Hua Bian; Kashif Ali; Sohail Ahmad; Hina Bashir; Wasim Jamshed; Kashif Irshad; Mohammed K. Al Mesfer; Mohd Danish; Sayed M. El Din

doi:10.1515/rams-2023-0134

Open Access Published by De Gruyter Open Access November 15, 2023

Interaction of micro-fluid structure in a pressure-driven duct flow with a nearby placed current-carrying wire: A numerical investigation

Hua Bian , Kashif Ali , Sohail Ahmad , Hina Bashir , Wasim Jamshed , Kashif Irshad , Mohammed K. Al Mesfer , Mohd Danish and Sayed M. El Din

From the journal REVIEWS ON ADVANCED MATERIALS SCIENCE

https://doi.org/10.1515/rams-2023-0134

Abstract

High population density in major cities has led to compact designs of residential multi-story buildings. Consequently, it is a natural choice of the architects to suggest the location of high-voltage wires close to the ducts with contaminated air. This observation results in the motivation for this study, i.e., the understanding of the complicated interaction of the Lorentz force (due to the current-carrying wire) with the micropolar flow in the vertical direction in the duct, with polluted air (containing dust particles) being modeled as a micropolar fluid, which is driven by some external pressure gradient. Therefore, this study focuses on an incompressible and electrically conducting micropolar fluid flow through a rectangular vertical duct, in the presence of a current-carrying wire placed outside the flow regime. The governing equations, after being translated into a dimensionless form, are solved numerically using a finite volume approach. The velocity, microrotation, and temperature fields thus obtained are examined. It has been noted that the strong magnetic force caused by the wire may distort the flow symmetry and slows down the flow. Furthermore, in the absence of wire, particles spinning in clockwise and counter-clockwise directions occupy the same amount of space in the duct, thus incorporating a sort of equilibrium in the duct. However, the imposed variable magnetic field adds to the spinning of particles in one part of the duct, while simultaneously suppressing it in the other region.

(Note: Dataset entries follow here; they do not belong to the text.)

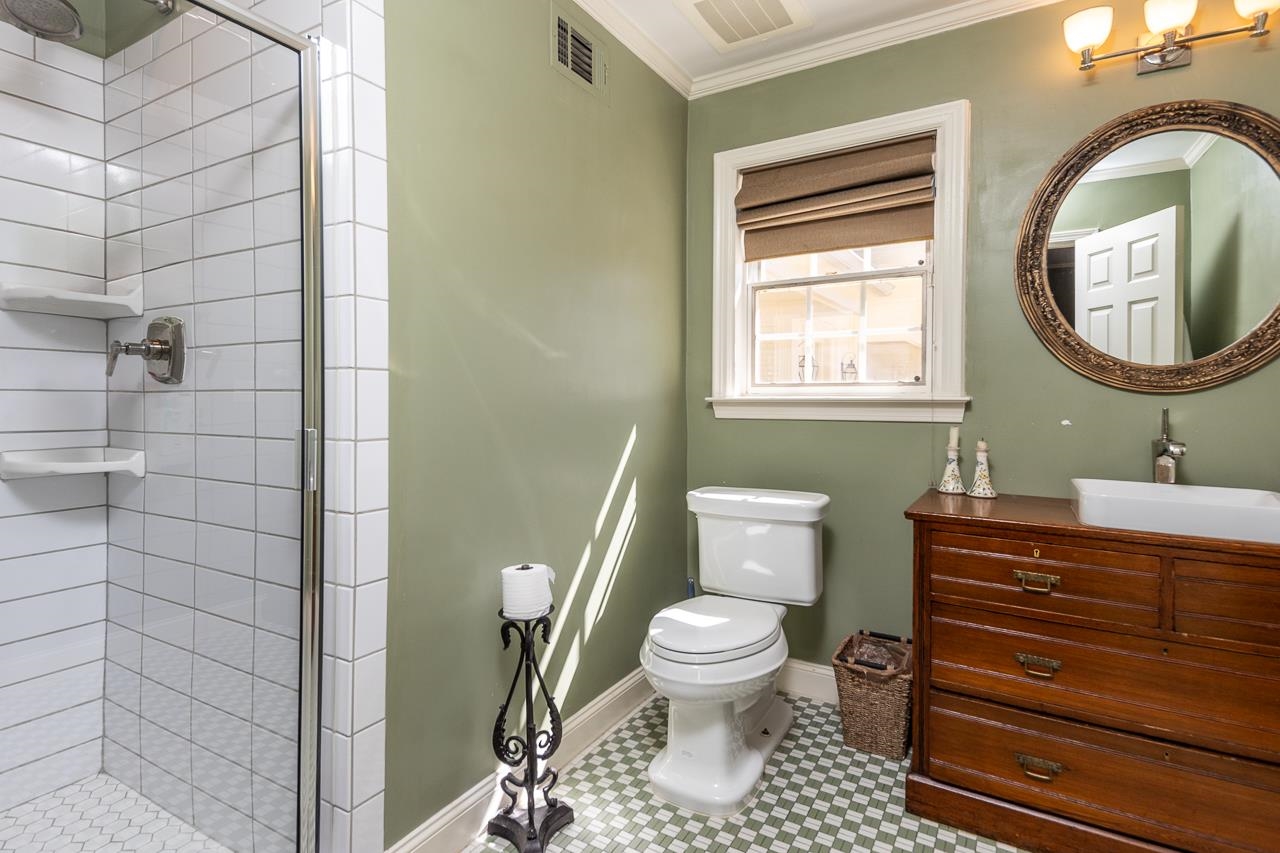 4723 Gwynne Road Memphis, TN 38117 - Photo 20 of 40 a bathroom with a toilet a sink and a mirror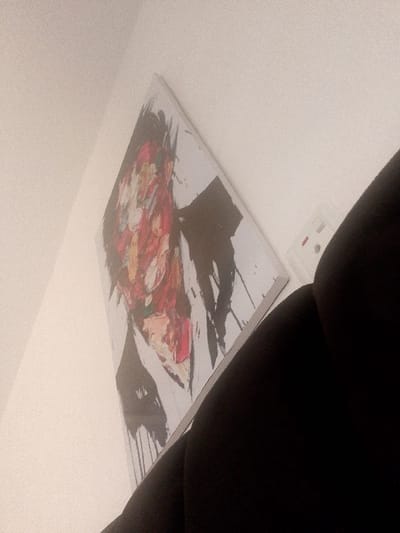 The media file captures an indoor scene, likely in Abeokuta, Nigeria, featuring a brightly colored, abstract painting mounted on a light-colored wall. The painting, possibly an expressionistic portrait, is characterized by broad, impasto-like strokes of red, white, and yellow, contrasted with heavy black brushwork and prominent black drips.

The image is captured from a low, tilted angle, giving a diagonal perspective of the wall and the artwork. To the right of the painting, a white electrical outlet or switch with a small red indicator light is visible on the same wall. In the bottom right corner and along the right edge, a dark, upholstered object, possibly a part of a chair or couch, partially frames the scene.

The lighting is soft and ambient, preventing determination of the specific time of day. There are no people visible, and no specific activity or event is taking place. The overall mood is quiet and still. No clearly legible text is present on the painting or elsewhere in the image. The photograph exhibits a slight grainy texture and a warm, muted color cast.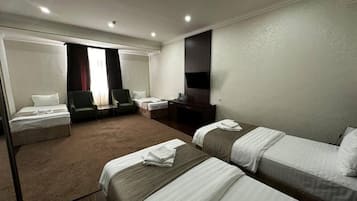 Superior Quadruple Room, City View | In-room safe, desk, free WiFi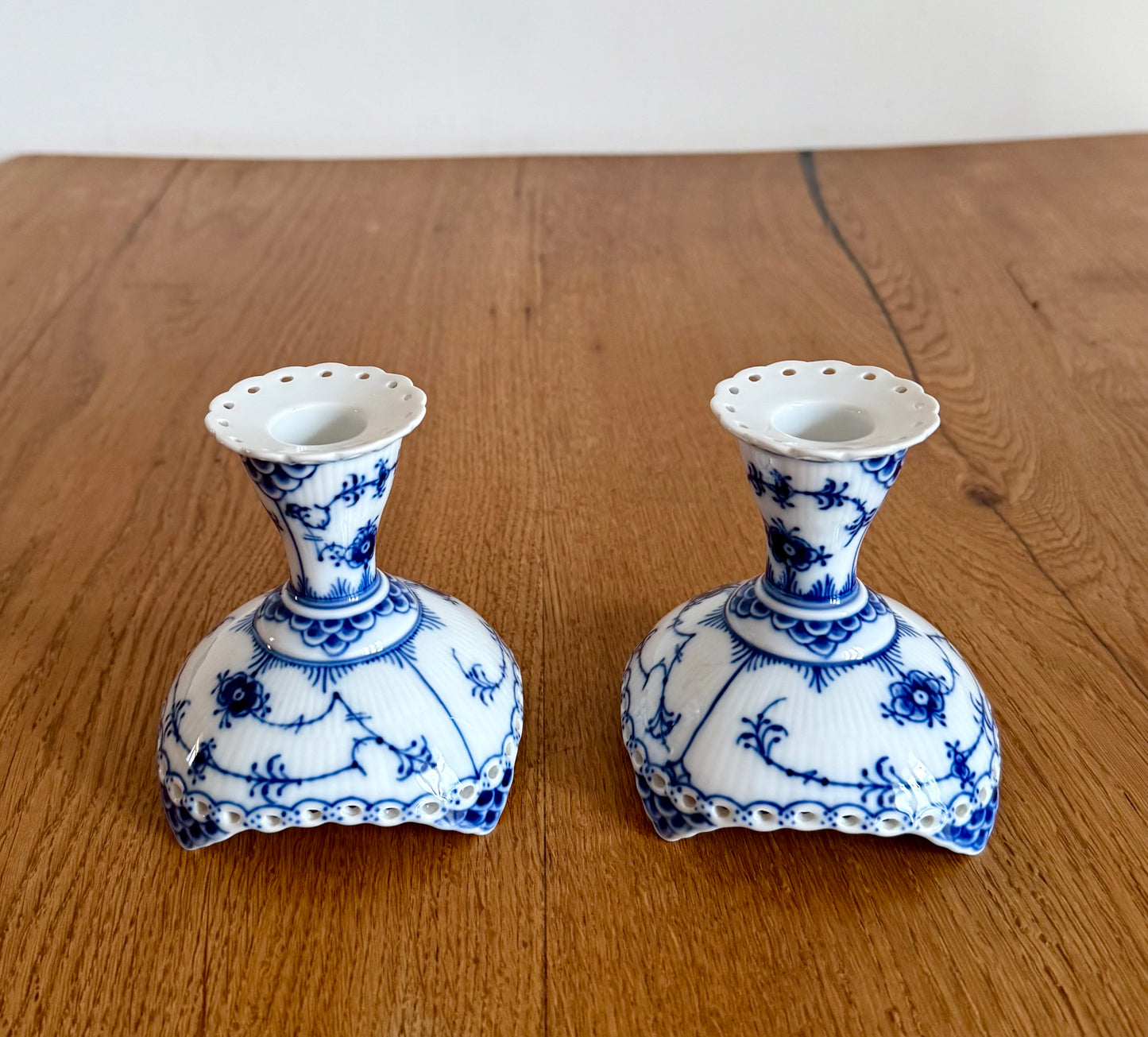 A set of two Royal Copenhagen Blue Fluted Full Lace candle sticks (#1038)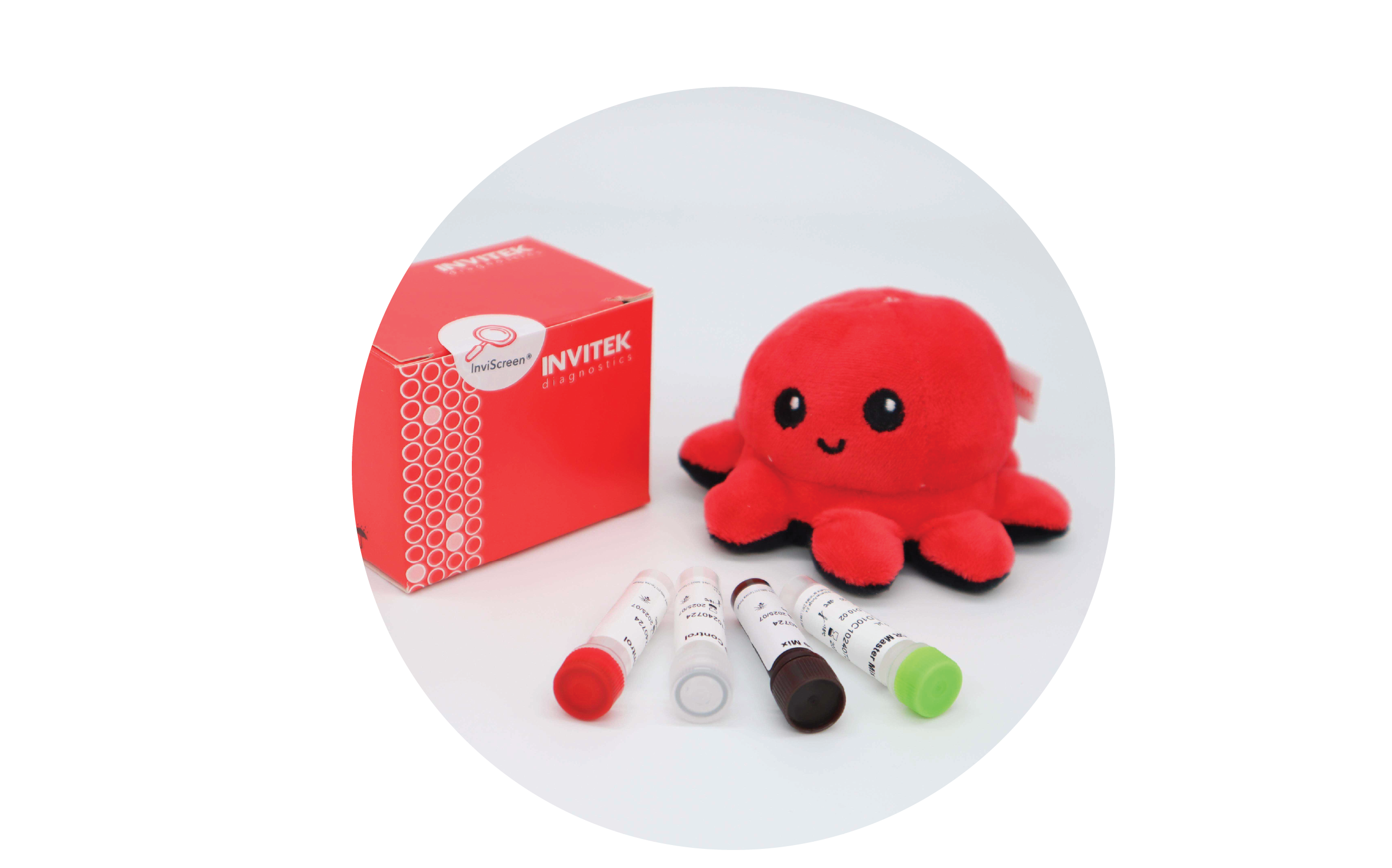 InviScreen O157:H7 kit: red box at left, plush octopus to the right, and five reagent vials (red, grey, brown, green and clear caps) spread in front.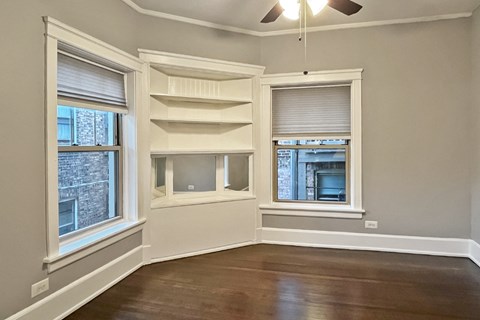 A room with a window and a ceiling fan.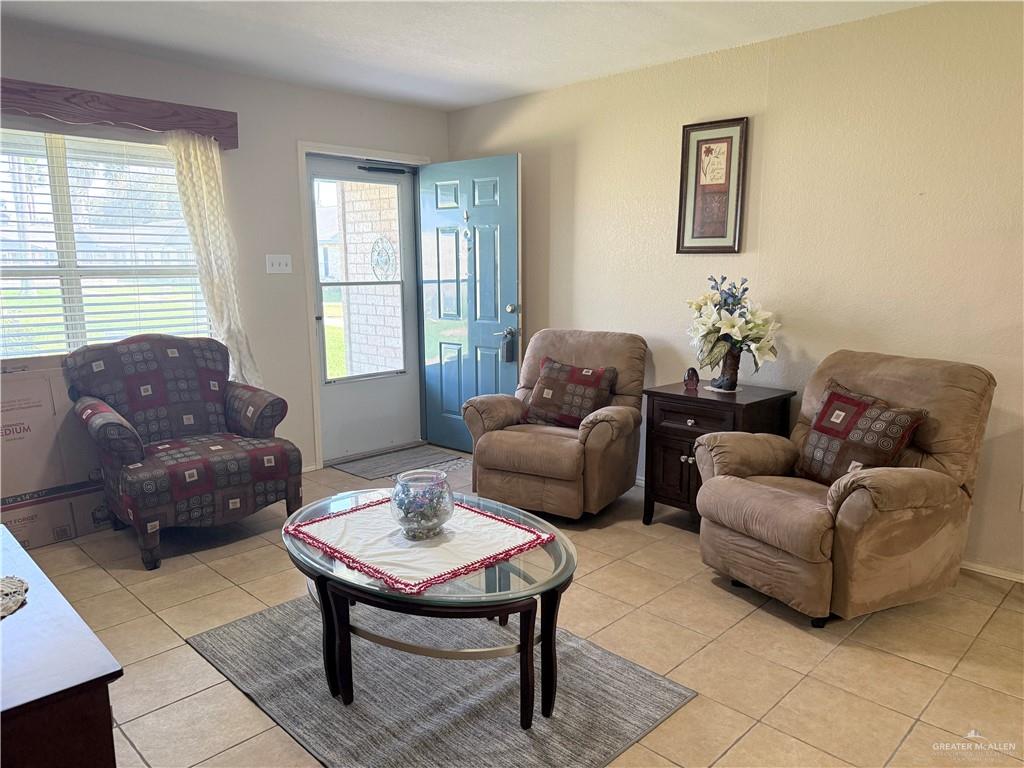 807 East 21st Street, Unit 8 Mission, TX 78572 - Photo 4 of 15 a living room with furniture a table and a large window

Keywords: pressure gradient; current-carrying wire; micro-fluid structure; duct; finite volume approach

1 Introduction

Microstructured fluids are one of the categories in non-Newtonian fluids, which possess a microstructure that consists of rigid homogeneously suspended particles. Therefore, the fluid motion is described by two vectors (known as the classical velocity and the microrotation) that arise from the fluid movement and rotation of these fine particles. There are many technical applications of magnetohydrodynamic (MHD) effects in electrically conducting fluids. Many researchers have discussed fluid flows through circular pipe, within rectangular duct, and between parallel plates with the effect of a transverse magnetic field. Pyatnitskaya et al. [1] used two distinct approaches to study the transverse magnetic field interaction in a submerged flat jet flow. The position of channel was adjusted in such a way that the jet plane was normal to the magnetic field. The results were established for the waveforms and velocity by the swivel-type probe. Jeyanthi and Ganesh [2] explained that how much a MHD flow was affected by a duct having electrically conducting walls. In this analysis, suitable inclination angles of inclined magnetic field were suggested and discussed. An axisymmetric MHD flow of viscous fluid was considered in a circular pipe by Nagaraju and Garvandha [3]. To find the temperature as well as velocity fields, the Navier–Stokes equations were taken into account in the cylindrical form. The solution of velocity components was achieved by the homotopy analysis method.

Chen et al. [4] worked on the Williamson fluids involved in a MHD peristaltic flow and determined the effects of the Grashof thermal number, the Darcy number, and the magnetic parameter on the concentration and temperature distribution. The Couette flow occurring between two parallel plates with the effect of inclined magnetic field was elaborated by Guria et al. [5]. This work mainly depicted the theoretical analysis, which was based on the results obtained from the Laplace transform. Sulochana [6] investigated the viscous flow through porous medium between two parallel plates under the influence of the inclined magnetic field. The lower plate was taken at rest, while the upper one was facing non-torsional oscillations.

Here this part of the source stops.